My friends have often heard me say that I assume all men I meet are gay unless proven otherwise (which very seldom happens). This is just how it is in my life. Person after person: colleagues, friends from university, friends from high school. You might say that that’s what I get for hanging around in the Arts Centre, but there were lots of ‘computer geeks’ too, and their statistic has proven just as high. So, I just laugh now when someone I’ve not seen for years gets in touch on facebook and I realise through their profile and conversations that I have to add another person to list of friends who are gay.
But today I spotted a new pattern. Most of my friends are Christians too. OK. You can stop laughing now. I don’t mean the people I’ve met since joining the church. I mean the people I knew before. I grew up among New England’s educational elite. ‘Liberal arts’ and a generously diverse secularism at its best. There are not many of my classmates who have strong religious convictions.
But the ones who get in touch via facebook? Well, even the ones I think of in stereo-types (‘oh he’s so-and-so’s friend. really clever. engineer.) suddenly surprise me with face-book tags saying that they’ve just prayed for so-and-so, or with comments about where to find the best cedar rosary beads in Seoul.
And it makes sense. I never thought about the fact that these people were Christians, any more than I asked whether people were gay (oh, the days of innocence).

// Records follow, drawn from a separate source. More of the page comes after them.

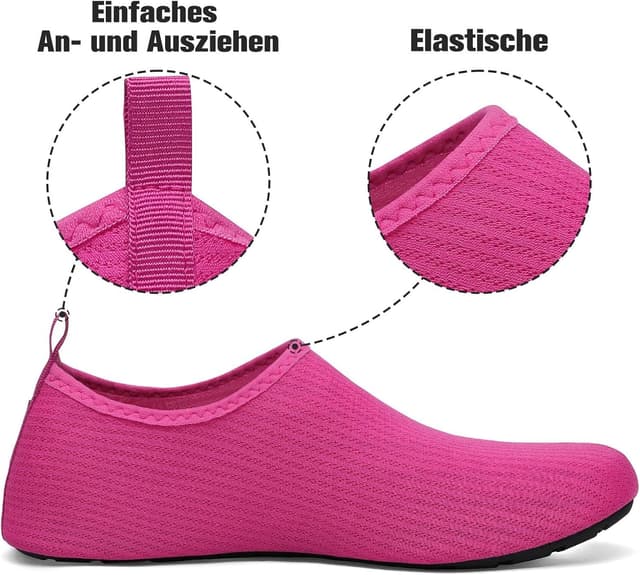 Detalle de SAGUARO Chaussures aquatiques homme/femme GR.36-47 – souples, respirantes et faciles à enfiler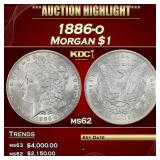 1886-o Morgan Dollar $1 ms62 USCG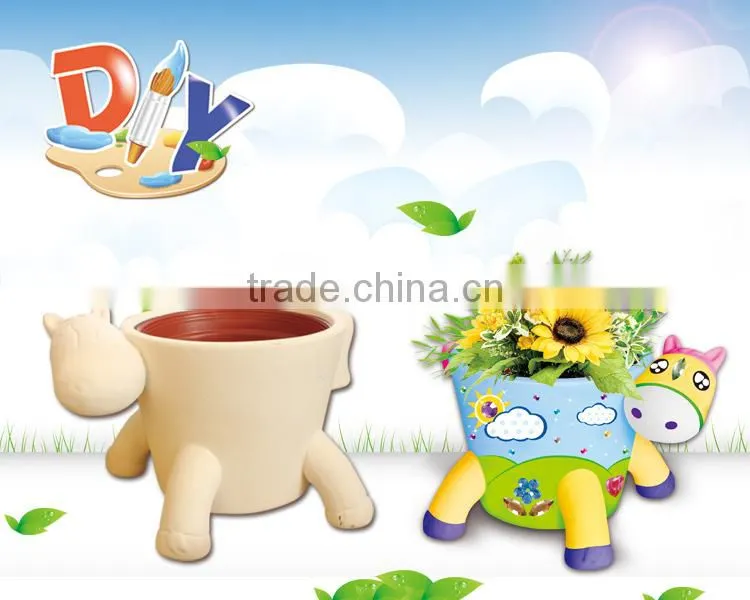 factory DIY Painting Flower pot Toys
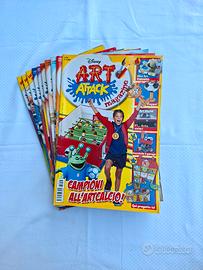 Lotto 10 riviste Disney Art Attack 2006-2007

But those were the people I was drawn to, the people I am now willing to ‘befriend’ even when we haven’t been in touch for years, because I think ‘yes, I liked you; there was something about you; I wish I’d given you more time.’
I know I’m a patterns person — that I can create them as well as uncover them — but the thought of facebook as God’s example book does amuse me: ‘See, all those people I sent you? What took you so long?’
Though I thank God, too, for the people who don’t fit the pattern. The sceptics and atheists, artists and scientists who live out a vision of freedom and equality that is not too far from the Kingdom, but which has often been a million miles away from the church.